GRACE PALEY: Yes, [inaudible] because I lose it all the time, so — but I think for women who work and have families, I think one of the — I mean, there are so many interesting distractions in life, and some of them are so worthwhile, that for my part I’ve just allowed myself to be pulled in a lot of different ways. And when I am pulled in that way, I allow it, because I don’t have enough strength of character not to. But then I pull back, and that lack of strength works in that case.
But when I — I remember coming home as a kid and my — in the afternoon, and my father, who had very long days, would maybe be taking a rest and/or maybe he’d be working, or whatever it was, and my mother, like everybody’s mother probably in this room, would say, "Shhh, Papa’s busy," or "Shhh, Papa’s tired," you know? And nobody ever really said that for her. You know, "Shhh, Mama’s busy." So it’s one of those things that I really press as hard as I can on my women students, that one of the — since a lot of them have — are older and have children and have all kinds of responsibilities and work is that one of the first things they have to learn how to do is to get Papa to say, "Shhh, Mama’s busy." And it’s a kind of an extension of a room of your own. It’s also a head of your own that you need. So — and that’s very important for young women writers, especially. And I guess, for myself, I never really learned to say that. That’s how come I know how important it is.
And it’s not so much that you’re creativity goes away. I mean, you don’t have to have it on hand day and night, you know? It’s that you’re called upon for many other things. And there are different kinds of writers. I mean, there are writers, women and men, who really never, never, you know, never move away at all from their dedication and their work and their determination to write certain things. I’m just not one of those people. And it’s not a virtue at all. It’s really a flaw, and it has prevented me from doing some of the work I want to do, you know, that I’ve been called easily.

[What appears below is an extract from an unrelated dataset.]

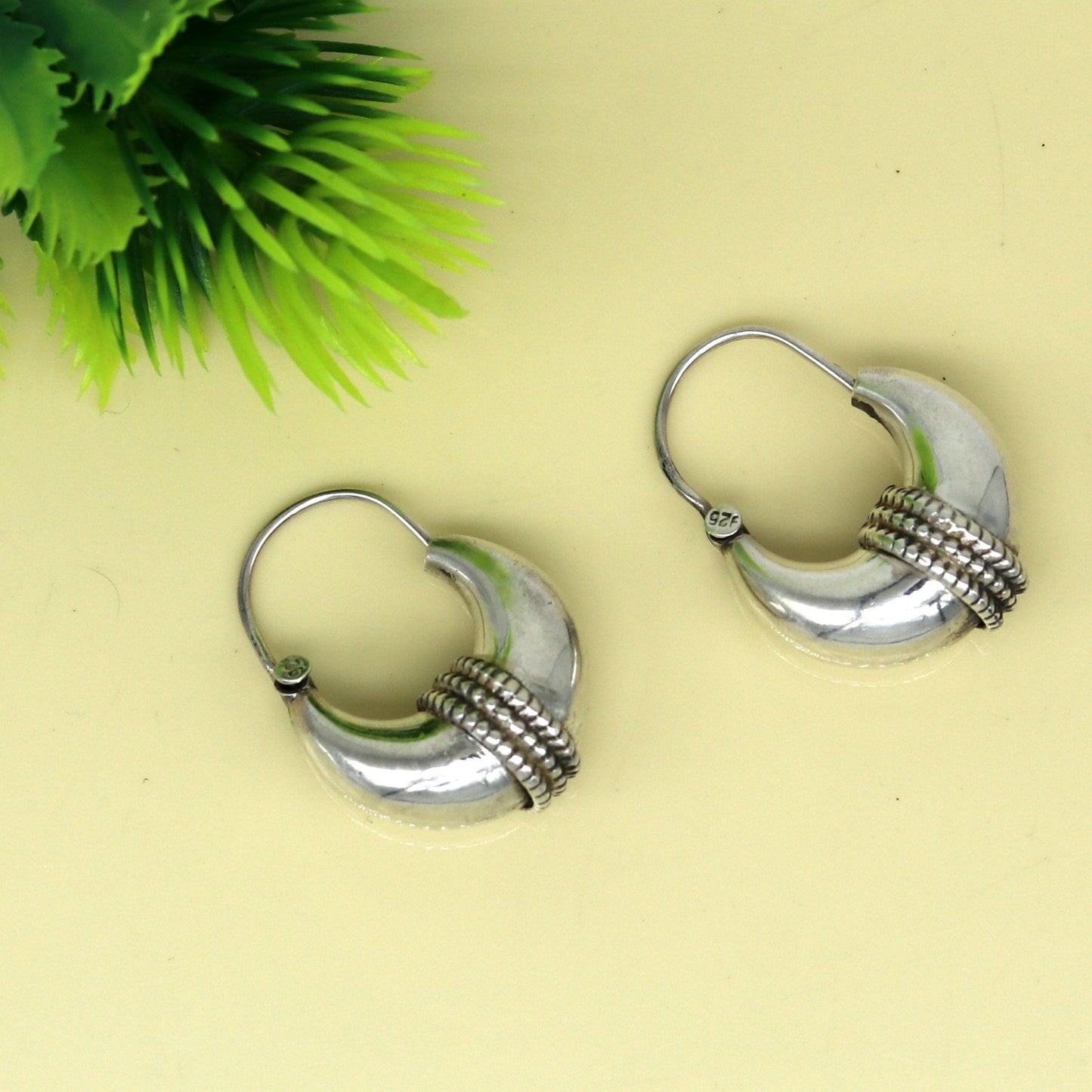 925 sterling silver handmade vintage antique design amazing design hoops earring bali, customized earring gift tribal ethnic jewelry ske13 - TRIBAL ORNAMENTS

I guess Yeats had that great line — what is that great line? "All things can tempt me" — I got it. Just by asking you, I found it.
"All things can tempt me from this craft of verse:
One time it was a woman’s face, [or] worse
_The seeming needs of [my] fool-driven land."_
So the seeming needs of this fool-driven land have really wiped me out every now and then and taken me away from the work I wanted to do. As far as a woman’s face or a man’s face, I’ve been kind of lucky in that my man is in the same boat I am, both of us trying to work and both of us trying to do political work at the same time. So that’s luck.
AMY GOODMAN: Grace Paley, and now Paule Marshall.
PAULE MARSHALL: I suspect that in my case there is, at a very deep and fundamental level, my commitment to be a creative person, a writer. And in order to sort of accommodate that, to honor that, I’ve had to make all sorts of accommodations with the rest of my life. It hasn’t been easy. And one of the interesting reactions on my part, when life starts closing in, family and children and so on, I can begin feeling the resentment mount and mount and mount. So I’ve had to deal — I’ve had to learn how to deal with resentment and know that these people around me would like to have some more of my time. And I would like to give it to them, but it means that I really won’t get the work done. I’ve never been able to very successfully compartmentalize my life so that one section is nicely and neatly given over to the writing, then I can switch off and be the mother, I can switch off and be the partner or the wife, and so on. So I’m still sort of working that out at this late date and, in the meantime, just going ahead and writing my books and really sort of underscoring the fact that I really can’t please everyone. And I would like to, but if it’s going to really kind of get in the way of my writing, which I see as my way of communicating with the world, then maybe I have to, in some instance, disappoint.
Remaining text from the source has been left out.